* **Your assignment**
Output the records, every one, exactly as given.

(Stored data)
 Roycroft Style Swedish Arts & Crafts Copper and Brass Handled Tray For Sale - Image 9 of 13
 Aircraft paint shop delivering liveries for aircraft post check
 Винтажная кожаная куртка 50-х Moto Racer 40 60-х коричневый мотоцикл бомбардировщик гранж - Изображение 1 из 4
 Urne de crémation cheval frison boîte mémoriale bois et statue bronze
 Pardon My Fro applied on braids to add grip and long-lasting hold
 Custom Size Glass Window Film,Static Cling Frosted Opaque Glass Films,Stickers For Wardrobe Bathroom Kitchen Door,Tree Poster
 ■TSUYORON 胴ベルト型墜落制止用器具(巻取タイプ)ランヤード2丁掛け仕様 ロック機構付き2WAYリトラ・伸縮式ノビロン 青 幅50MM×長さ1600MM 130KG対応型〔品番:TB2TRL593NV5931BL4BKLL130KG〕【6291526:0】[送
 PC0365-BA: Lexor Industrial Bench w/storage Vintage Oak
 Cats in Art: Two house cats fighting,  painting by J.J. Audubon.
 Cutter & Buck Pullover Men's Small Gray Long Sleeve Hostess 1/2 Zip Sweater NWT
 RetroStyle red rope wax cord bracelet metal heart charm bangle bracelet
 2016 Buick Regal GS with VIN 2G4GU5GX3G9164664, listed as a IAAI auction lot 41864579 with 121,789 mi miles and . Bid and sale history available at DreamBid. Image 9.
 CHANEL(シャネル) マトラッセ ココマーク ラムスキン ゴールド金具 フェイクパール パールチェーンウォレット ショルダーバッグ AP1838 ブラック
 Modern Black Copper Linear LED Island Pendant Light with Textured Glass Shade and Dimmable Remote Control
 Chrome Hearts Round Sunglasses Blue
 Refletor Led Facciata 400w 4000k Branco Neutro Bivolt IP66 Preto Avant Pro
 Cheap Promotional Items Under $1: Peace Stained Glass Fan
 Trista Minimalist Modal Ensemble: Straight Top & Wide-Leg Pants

* **Final answer**
 Roycroft Style Swedish Arts & Crafts Copper and Brass Handled Tray For Sale - Image 9 of 13
 Aircraft paint shop delivering liveries for aircraft post check
 Винтажная кожаная куртка 50-х Moto Racer 40 60-х коричневый мотоцикл бомбардировщик гранж - Изображение 1 из 4
 Urne de crémation cheval frison boîte mémoriale bois et statue bronze
 Pardon My Fro applied on braids to add grip and long-lasting hold
 Custom Size Glass Window Film,Static Cling Frosted Opaque Glass Films,Stickers For Wardrobe Bathroom Kitchen Door,Tree Poster
 ■TSUYORON 胴ベルト型墜落制止用器具(巻取タイプ)ランヤード2丁掛け仕様 ロック機構付き2WAYリトラ・伸縮式ノビロン 青 幅50MM×長さ1600MM 130KG対応型〔品番:TB2TRL593NV5931BL4BKLL130KG〕【6291526:0】[送
 PC0365-BA: Lexor Industrial Bench w/storage Vintage Oak
 Cats in Art: Two house cats fighting,  painting by J.J. Audubon.
 Cutter & Buck Pullover Men's Small Gray Long Sleeve Hostess 1/2 Zip Sweater NWT
 RetroStyle red rope wax cord bracelet metal heart charm bangle bracelet
 2016 Buick Regal GS with VIN 2G4GU5GX3G9164664, listed as a IAAI auction lot 41864579 with 121,789 mi miles and . Bid and sale history available at DreamBid. Image 9.
 CHANEL(シャネル) マトラッセ ココマーク ラムスキン ゴールド金具 フェイクパール パールチェーンウォレット ショルダーバッグ AP1838 ブラック
 Modern Black Copper Linear LED Island Pendant Light with Textured Glass Shade and Dimmable Remote Control
 Chrome Hearts Round Sunglasses Blue
 Refletor Led Facciata 400w 4000k Branco Neutro Bivolt IP66 Preto Avant Pro
 Cheap Promotional Items Under $1: Peace Stained Glass Fan
 Trista Minimalist Modal Ensemble: Straight Top & Wide-Leg Pants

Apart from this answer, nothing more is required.